◆ Brief:
Restate word for word only the lines running from the one with "Paul McCartney throws" to the end of the data, both ends included. Omit any pictures.

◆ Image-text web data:
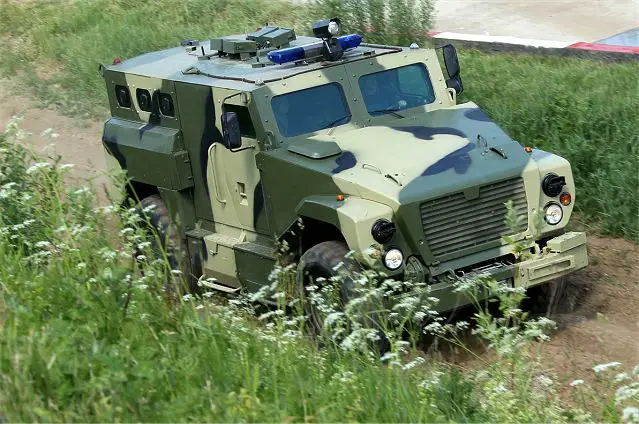 Russia's Interior Troops, whose duties include dispersing mass protests, will switch to a new type of armored vehicle that allows for swift deployment, the force’s commander said on Tuesday, January 31, 2012. The majority of the Interior Troops’ armored personnel carriers are tracked vehicles that require special permission from traffic police to travel city streets. But a new, lighter and wheeled vehicle, SPM-3 Medved (“The Bear”), is currently in testing.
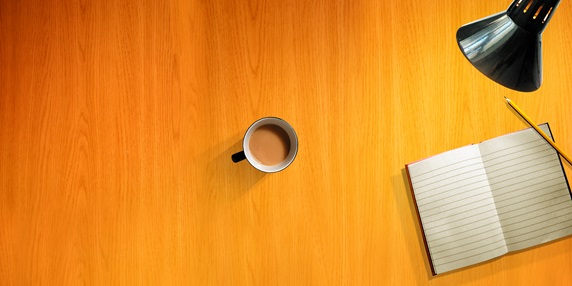 Overhead view of desk with cup of tea, pencil and blank note pad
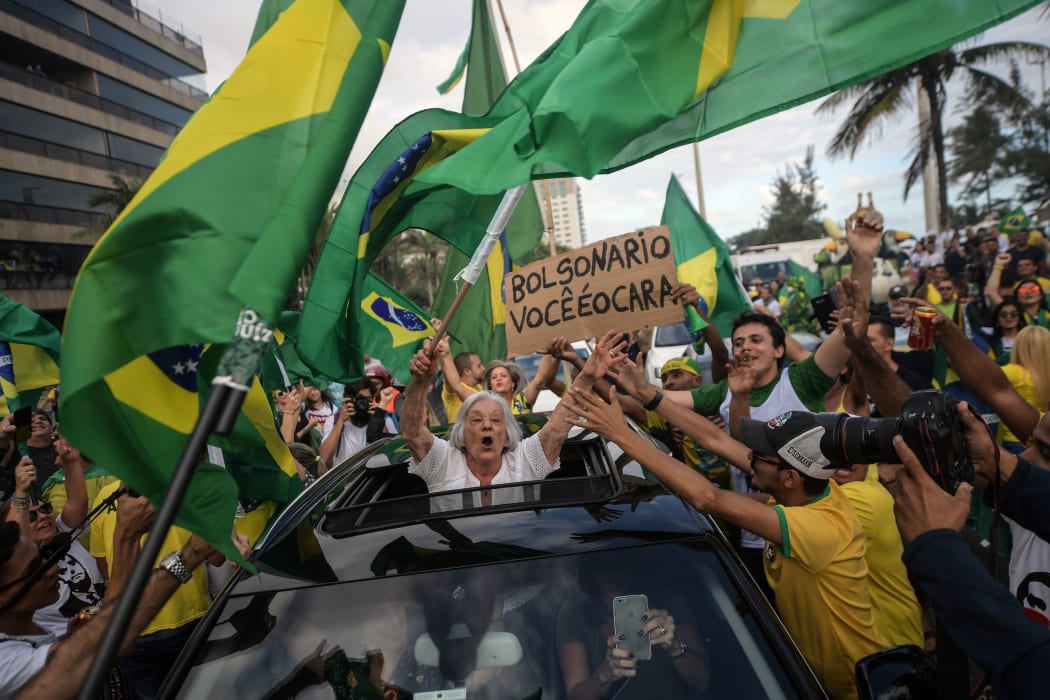 Supporters of far-right lawmaker and presidential candidate for the Social Liberal Party (PSL), Jair Bolsonaro, take part in a pro-Bolsonaro demonstration in Rio de Janeiro, Brazil, during the second round of the presidential elections.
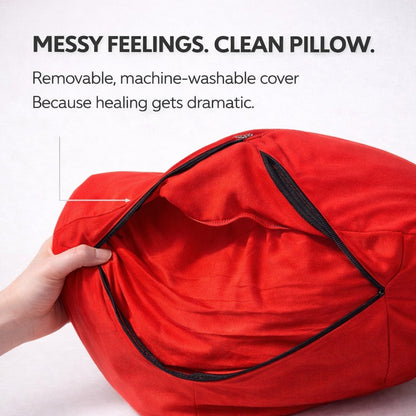 Red pillow with a hand opening it, text about machine-washable cover.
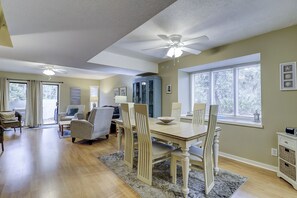 A spacious living room with a dining area, a ceiling fan, and large windows. - Luxury 2 BR 2.5 BA vacation townhome in Shipyard Bikes & Beach Gear included (Hilton Head Island)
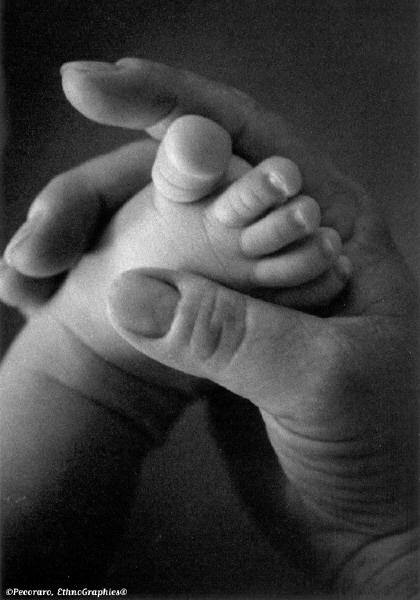 Adult holding a child's foot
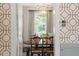 View through doorway of dining room with hardwood floors, chandelier, table, and chairs at 1100 Brooks Ave, Raleigh, NC 27607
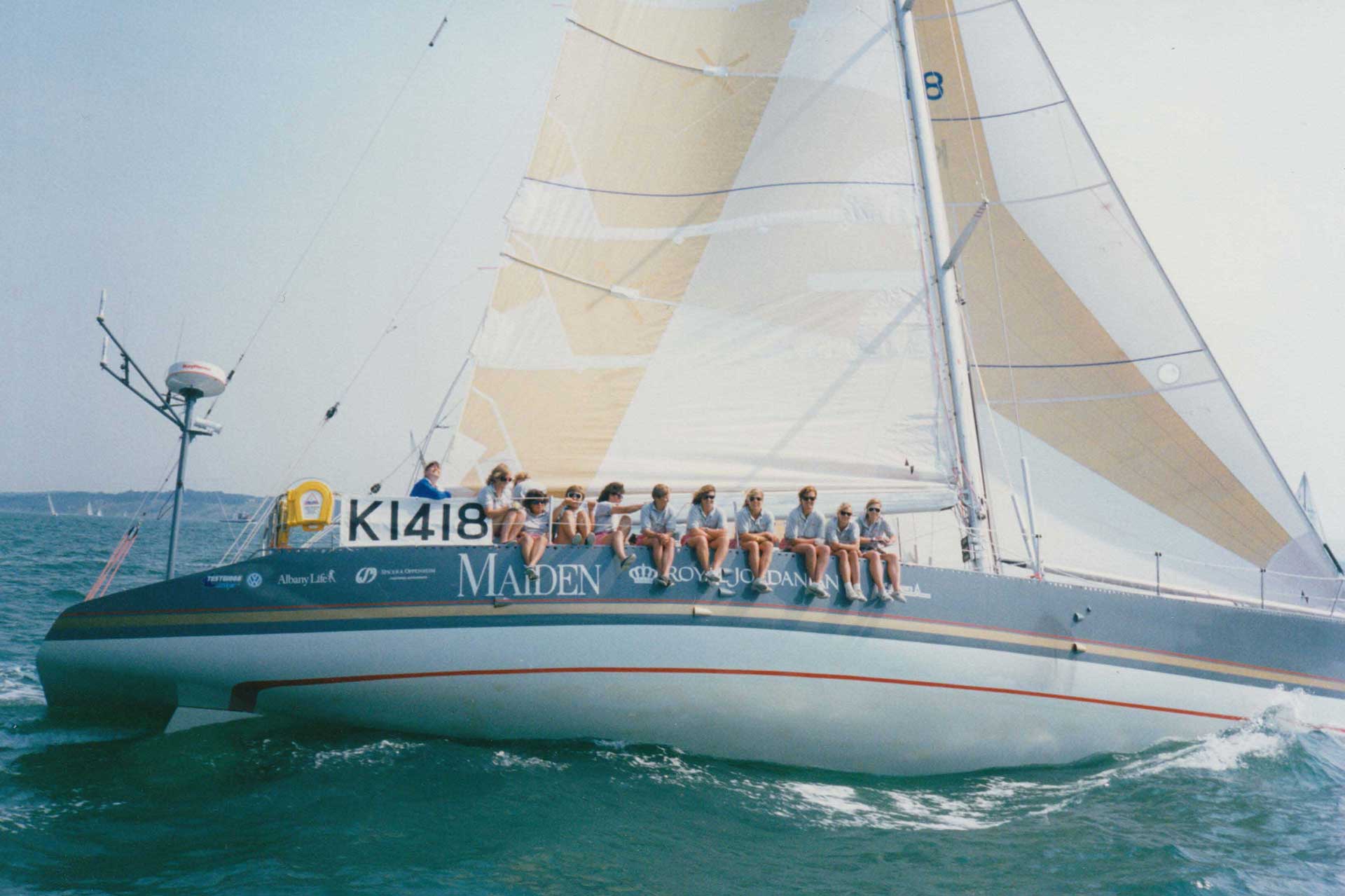 A sailboat named Maiden glides across the water under full sail. A team of women sits along the edge of the boat, legs dangling over the side, wearing sunglasses and sailing gear. The boat has a large sail with cream and white sections and displays sponsor logos. The sky and sea are clear and blue.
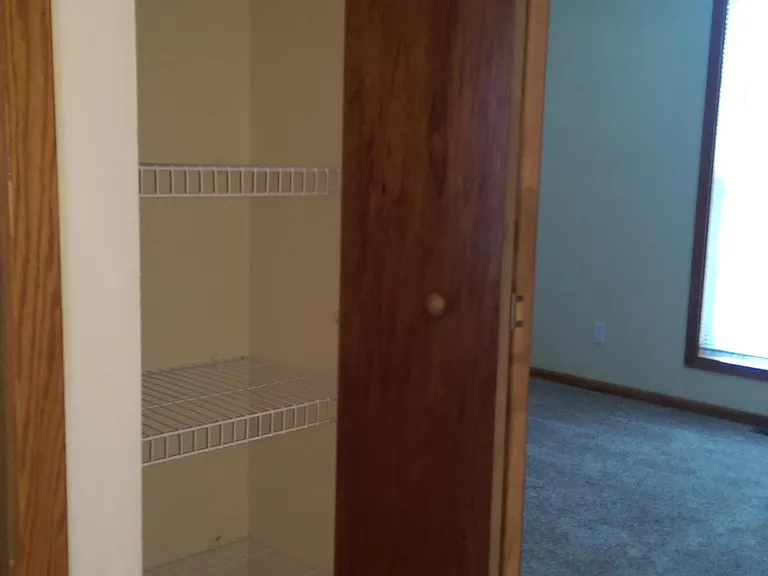 Hall linen closet looking into second bedroom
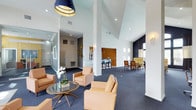 This single-floor space presents a well-appointed communal lounge or clubroom with a striking architectural design. The most notable feature is the dramatically vaulted ceiling, which amplifies the sense of openness and volume throughout the main area. Crisp white walls contrast beautifully with deep navy blue carpeting, establishing a refined color palette carried throughout the space.

The main lounge area is anchored by a cluster of warm tan leather armchairs arranged around a sleek glass-top coffee table, accented with a white orchid centerpiece. A bold navy pendant light fixture overhead adds a contemporary focal point. Structural white columns define the open floor plan while subtly separating distinct functional zones.

Toward the rear, a bar-height counter with blue stools serves as a casual dining or social area, while a separate seating nook furnished with yellow-toned chairs and a dining table offers additional gathering space. Recessed lighting supplements natural light filtering through multiple windows. Gold wall-mounted sconces and decorative brass accents add warmth and elegance, completing the polished, hospitality-inspired ambiance of the space.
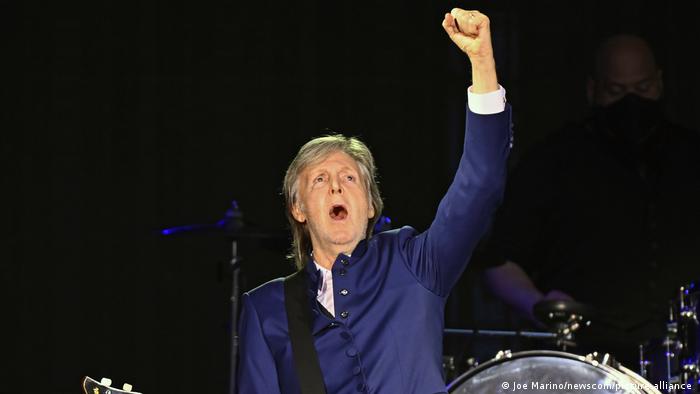 Paul McCartney throws a fist into the air as he begins to perform.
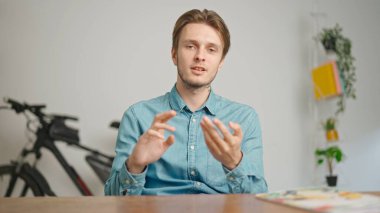 Çevrimiçi kursa katılan genç kişi. Erkek üniversite öğrencisi evde çalışıyor, masada oturuyor, öğretmenle konuşuyor, soruları cevaplıyor, internette dinleme dersi alıyor. Modern online eğitim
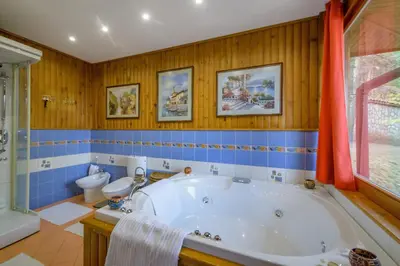 a bathroom with a tub and a toilet at Villa Anna Luxury Lake Residence in Shtarkelovo Gnezdo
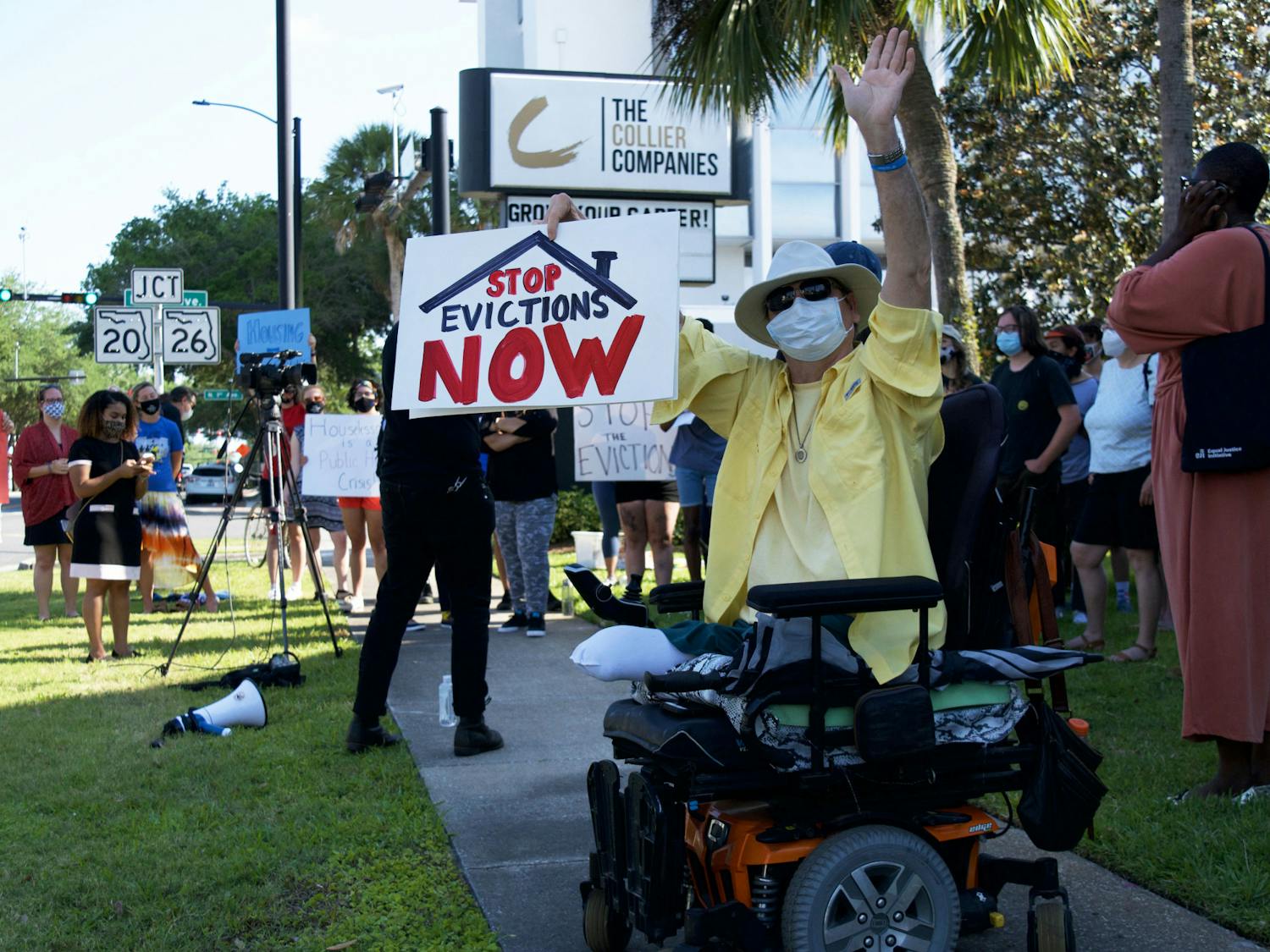 Hugh E. Suggs, 62, a Gainesville homeowner and author, protests outside of The Collier Company office in downtown Gainesville on Monday, May 3, 2021. Suggs was joined by about 25 other people protesting their landlords&#x27; tendency to prioritize higher paying tenants and ignore the needs of lower income families.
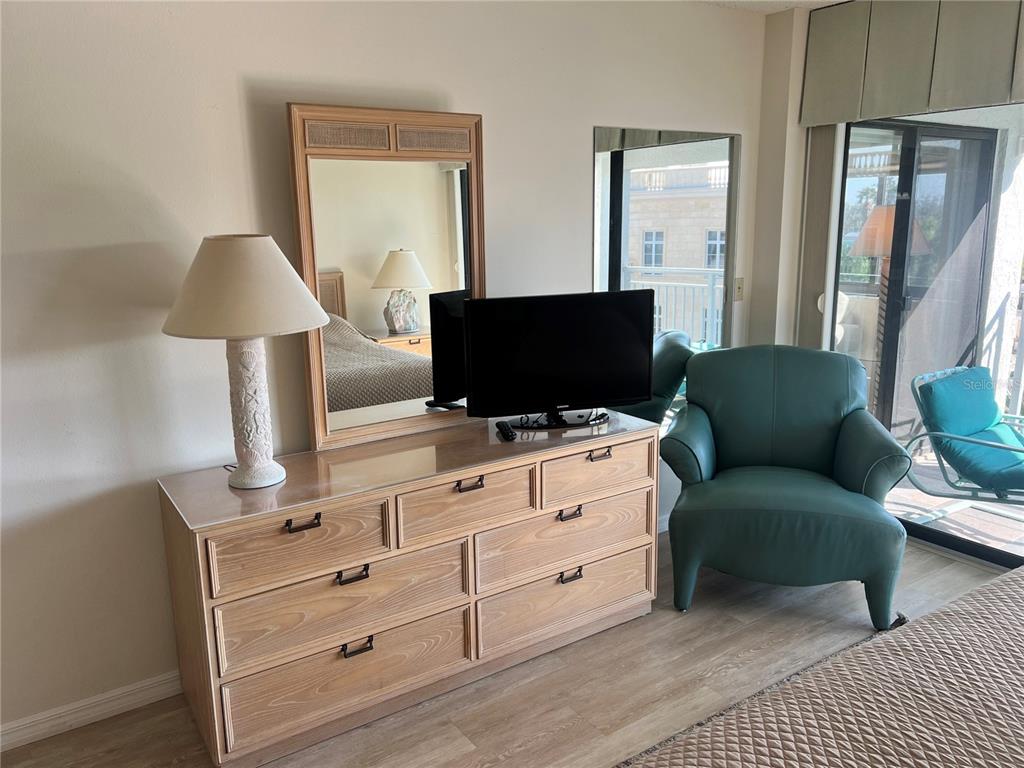 1001 Point Of Rocks Road, Unit 508 Sarasota, FL 34242 - Photo 12 of 34 a living room with furniture and a flat screen tv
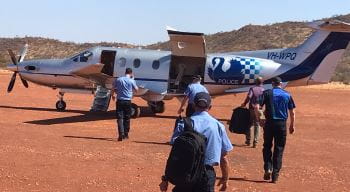 Police walking to a police plane amongst red dirt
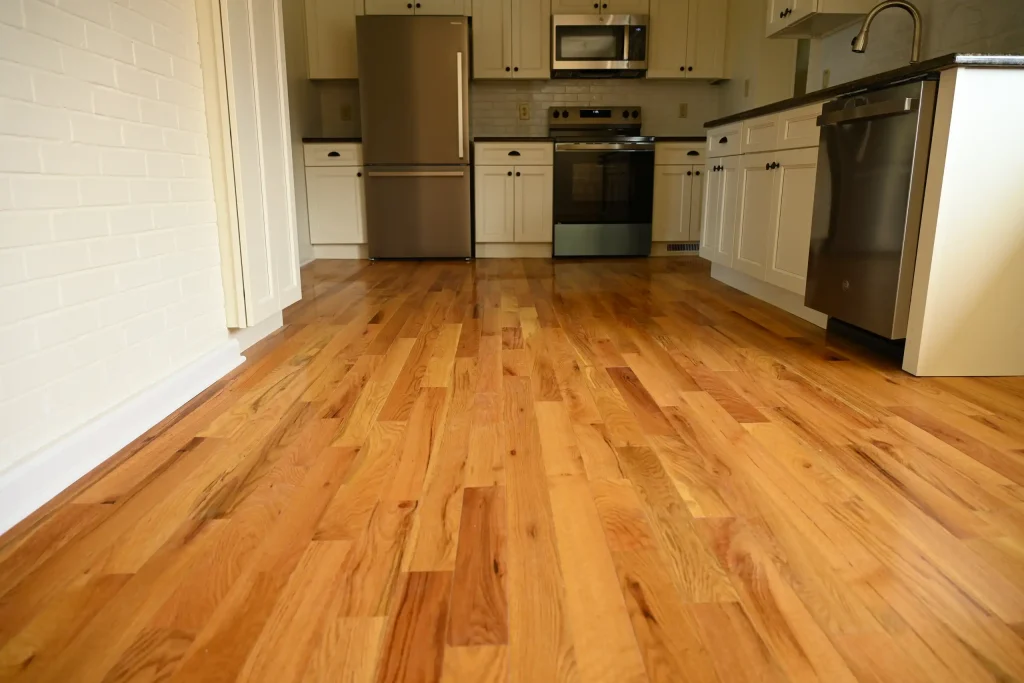 Character Golden Oak prefinished Red Oak flooring in a kitchen with white cabinets and stainless steel appliances.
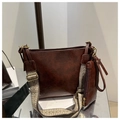 Close-up of chocolate brown tote with herringbone wide strap and gold hardware - Coffee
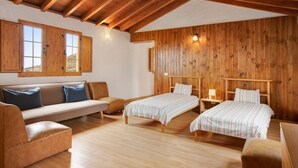 A room with a wooden ceiling, a sofa, two beds, and a nightstand. - Vacation Home 'Mirador de la Abuela' with Sea View, 2 Terraces & Wi-Fi (Gáldar)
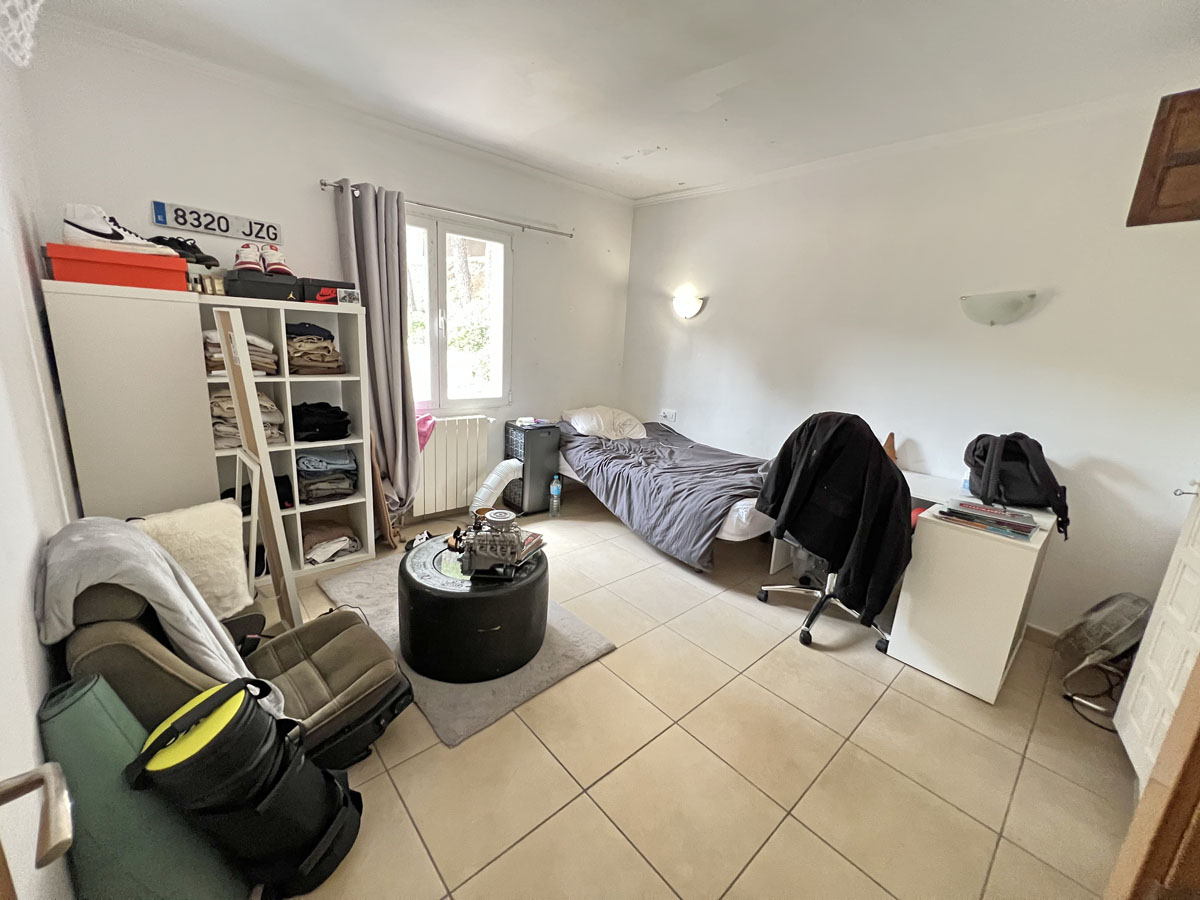 Dormitorio funcional con suelos de gres, ventana de PVC blanca y radiador. El espacio cuenta con iluminación natural y paredes en tonos neutros.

◆ Answer to this problem:
 Paul McCartney throws a fist into the air as he begins to perform.
 Çevrimiçi kursa katılan genç kişi. Erkek üniversite öğrencisi evde çalışıyor, masada oturuyor, öğretmenle konuşuyor, soruları cevaplıyor, internette dinleme dersi alıyor. Modern online eğitim
 a bathroom with a tub and a toilet at Villa Anna Luxury Lake Residence in Shtarkelovo Gnezdo
 Hugh E. Suggs, 62, a Gainesville homeowner and author, protests outside of The Collier Company office in downtown Gainesville on Monday, May 3, 2021. Suggs was joined by about 25 other people protesting their landlords&#x27; tendency to prioritize higher paying tenants and ignore the needs of lower income families.
 1001 Point Of Rocks Road, Unit 508 Sarasota, FL 34242 - Photo 12 of 34 a living room with furniture and a flat screen tv
 Police walking to a police plane amongst red dirt
 Character Golden Oak prefinished Red Oak flooring in a kitchen with white cabinets and stainless steel appliances.
 Close-up of chocolate brown tote with herringbone wide strap and gold hardware - Coffee
 A room with a wooden ceiling, a sofa, two beds, and a nightstand. - Vacation Home 'Mirador de la Abuela' with Sea View, 2 Terraces & Wi-Fi (Gáldar)
 Dormitorio funcional con suelos de gres, ventana de PVC blanca y radiador. El espacio cuenta con iluminación natural y paredes en tonos neutros.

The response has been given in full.